The underlying odor near my desk became a smell, then a reek, then and overwhelming stench. Back when it was an odor, I thought it was a misplaced miso soup cup that hadn’t been thrown away. As it got worse, I realized that even miso at it’s worst could not possibly smell like this. Upon further investigation, I discovered that the drinking fountain near my desk had become clogged at some point before someone tried to dump a latte in there 2 weeks before. Wanna know what a rotten latte smells like? Go kill a raccoon and a squirrel. Shove the squirrel up the raccoon’s ass and place it in 2 Hefty SteelSak garbage bags, seal well and place in the sun. After 4 weeks, go cut the bag open and breathe deeply. Don’t like the smell? Well, it isn’t anywhere near as bad as the smell that came out after they took the drinking fountain apart and started to snake out the plumbing in hopes of clearing the clog. No such luck. People tried to be helpful, one person even installed an automatic air freshener that dispensed the Tim Burton version of roses into my air (along with god only knows how many chemicals). I sat in a nasal wonderland of rotten latte, sewer gas, and Chemi-Rose. The drain isn’t fixed but the smell is waning (a little).

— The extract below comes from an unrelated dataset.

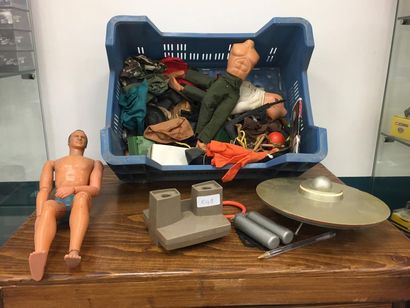 LOT de jouets comprenant : 
Trois mannequins
Soucoupe...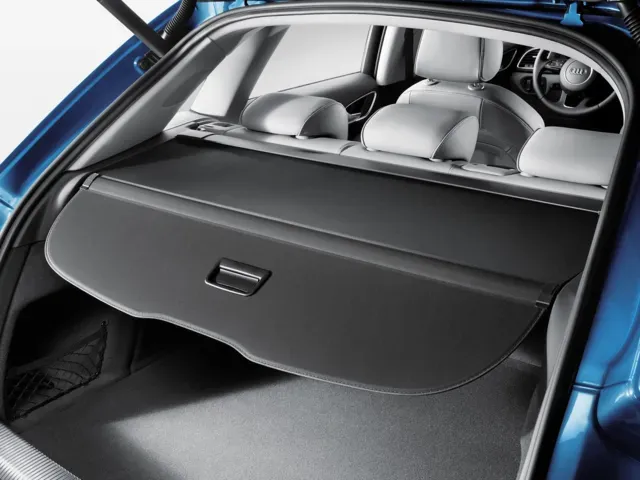 Q3（アウディ）2012年5月〜2020年7月販売終了モデルの新車カタログ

I was just handwriting something and I wrote the ‘S’ backwards! Just shoot me now and get it over with.
On a similar note, I am constantly typing ‘I’ and ‘O’ in place of their numerical equivalent.


Watched the NBC show ‘Ed’ last night. I was so entranced by boredom that when I had to vomit in disgust over the lameness of the show, I forgot to open my mouth. As a result my brain is covered in chunks of homemade chicken pot pie.